Friday, April 28, 2006

The Box That Changed The World


Happy Birthday to the Box that Changed the World
First Containerized Cargo Shipped 50 Years Ago

Newark, N.J. – April 26, 2006-- It was 50 years ago today that Malcolm P. McLean's Pan-Atlantic Steamship company launched the SS Ideal X from Port Newark. On board: 58 trailers that could be loaded directly onto trucks or railcars when they reached the Port of Houston. In 1961, the International Standards Committee would establish the TEU (twenty-foot-equivalent-unit) standard container measure by which PIERS, leading source of containerized trade data, tracks fluctuating U.S. import-export volumes.

"“Today, close to 95% of U.S. trade by volume is containerized," says Brendan McCahill, PIERS COO, "with the largest vessels capable of carrying over 8,500 TEUS."

According to McCahill, containerized transport's low costs, high speed and relative security transformed cargo contents. "The data shows a transformation in cargoes from commodities, which represented some 40% of U.S. import-export shipments 100 years ago, to manufactured goods, representing over 80% of U.S. international commerce today. The transformation begins mid-century with containerization."

These "boxes" look like the back end of a tractor-trailer truck. And, in fact, they often are. These boxes allow an Italian exporter to load cartons of expensive virgin olive oil directly from his warehouse into the container, sitting on a chassis on the back of the truck, lock it and seal it. The trucker takes the container to the port, where it's loaded on a ship, or to the railyard where it's loaded on a rail flatcar and sent off to the port, where it's loaded on a ship. When the ship arrives at the U.S.--still locked and sealed, we hope!--the container is unloaded from the ship on to the truck chassis or the rail car. Eventually, that container is received at the importers warehouse, still locked and sealed, and it comes to a store near you.

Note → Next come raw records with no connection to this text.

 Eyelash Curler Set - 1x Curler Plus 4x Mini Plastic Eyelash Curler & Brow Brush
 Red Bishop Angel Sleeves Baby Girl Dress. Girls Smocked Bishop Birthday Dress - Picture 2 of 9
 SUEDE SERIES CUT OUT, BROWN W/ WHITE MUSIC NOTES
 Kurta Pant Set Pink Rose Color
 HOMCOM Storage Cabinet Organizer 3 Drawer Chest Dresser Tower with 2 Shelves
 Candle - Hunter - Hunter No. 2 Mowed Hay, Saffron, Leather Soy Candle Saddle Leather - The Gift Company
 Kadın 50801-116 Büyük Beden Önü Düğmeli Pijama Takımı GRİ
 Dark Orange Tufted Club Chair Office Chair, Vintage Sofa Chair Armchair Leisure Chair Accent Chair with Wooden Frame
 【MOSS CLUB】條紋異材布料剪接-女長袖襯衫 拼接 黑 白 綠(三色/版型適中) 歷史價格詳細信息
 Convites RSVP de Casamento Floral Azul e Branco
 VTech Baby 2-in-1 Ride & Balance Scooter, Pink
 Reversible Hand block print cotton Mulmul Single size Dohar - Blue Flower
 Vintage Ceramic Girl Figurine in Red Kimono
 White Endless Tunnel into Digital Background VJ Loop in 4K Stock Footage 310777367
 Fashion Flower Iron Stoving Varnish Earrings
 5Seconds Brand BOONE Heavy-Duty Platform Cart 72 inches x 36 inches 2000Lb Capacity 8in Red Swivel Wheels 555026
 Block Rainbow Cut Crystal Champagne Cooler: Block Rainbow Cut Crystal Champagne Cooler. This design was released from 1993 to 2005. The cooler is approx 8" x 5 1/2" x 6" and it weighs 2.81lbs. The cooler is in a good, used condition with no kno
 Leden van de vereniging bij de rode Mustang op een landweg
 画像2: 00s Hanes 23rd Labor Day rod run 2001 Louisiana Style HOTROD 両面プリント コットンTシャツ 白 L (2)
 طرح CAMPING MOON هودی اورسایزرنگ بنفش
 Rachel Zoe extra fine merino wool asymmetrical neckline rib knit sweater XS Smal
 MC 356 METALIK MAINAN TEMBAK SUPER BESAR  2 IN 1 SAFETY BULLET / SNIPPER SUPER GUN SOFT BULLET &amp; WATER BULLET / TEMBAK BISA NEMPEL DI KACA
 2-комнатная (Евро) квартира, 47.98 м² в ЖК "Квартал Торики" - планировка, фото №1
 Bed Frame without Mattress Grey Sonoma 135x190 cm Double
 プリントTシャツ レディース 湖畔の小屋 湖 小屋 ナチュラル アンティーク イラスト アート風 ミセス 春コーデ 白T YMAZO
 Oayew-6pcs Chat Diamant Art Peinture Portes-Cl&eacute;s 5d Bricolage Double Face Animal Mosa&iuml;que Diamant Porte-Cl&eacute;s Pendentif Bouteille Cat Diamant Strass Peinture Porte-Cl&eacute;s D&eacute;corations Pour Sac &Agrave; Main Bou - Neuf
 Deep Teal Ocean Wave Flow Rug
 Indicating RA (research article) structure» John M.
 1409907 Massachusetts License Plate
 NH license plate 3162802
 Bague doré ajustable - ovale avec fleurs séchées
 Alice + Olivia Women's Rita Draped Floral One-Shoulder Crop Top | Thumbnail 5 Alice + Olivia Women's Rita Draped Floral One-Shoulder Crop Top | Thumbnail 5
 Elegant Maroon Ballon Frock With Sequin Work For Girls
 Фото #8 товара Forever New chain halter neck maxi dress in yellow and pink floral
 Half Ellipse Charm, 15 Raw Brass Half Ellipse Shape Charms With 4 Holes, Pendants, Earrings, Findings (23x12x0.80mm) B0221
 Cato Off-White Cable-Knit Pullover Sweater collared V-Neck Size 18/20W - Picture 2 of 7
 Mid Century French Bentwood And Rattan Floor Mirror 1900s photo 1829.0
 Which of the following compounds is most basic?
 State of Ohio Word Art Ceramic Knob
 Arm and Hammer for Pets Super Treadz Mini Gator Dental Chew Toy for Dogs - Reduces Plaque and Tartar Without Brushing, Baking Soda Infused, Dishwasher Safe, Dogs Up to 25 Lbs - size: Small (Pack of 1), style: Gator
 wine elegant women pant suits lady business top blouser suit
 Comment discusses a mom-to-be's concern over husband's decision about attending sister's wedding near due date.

Before Mr. McLean came up with this simple idea, exporters and importers expected to lose 10% of their shipments to theft and breakage. The idea of shipping something valuable--like computers, VCRs, DVDs, i-PODs--was unthinkable because the margin of loss would be too great. Because of containers, the cost of ocean freight is now a fraction of a percent of the retail cost. And manufacturing can now move overseas where labor costs and overhead are a fraction of what they would be in the U.S.

So, on the one hand we're paying much less for products than we would have without containers; on the other, containers have allowed manufacturing jobs to move overseas. While some Americans have lost jobs because of that, the standard of living in many Third World countries has improved as their job prospects have improved.

Global trade weaves a tangled web between producer and consumer and countries. Does this interdependence encourage global peace? Does it encourage global envy and resentment? Is globalization a rising tide or exploitation of the poor and weak by the rich and strong?

The answer to all of the above is "Yes." There is a mix of all of that going on. After all, we're human and only in rare cases are our motives ever pure. Certainly within a group of people (a community, a nation, a corporation, a political party, even a Church) seldom does everyone have the same motive for pursuing a common goal. Overall, I think the effects of globalization are positive. But I remain mindful there are also negative repercussions and those must be mitigated or minimized.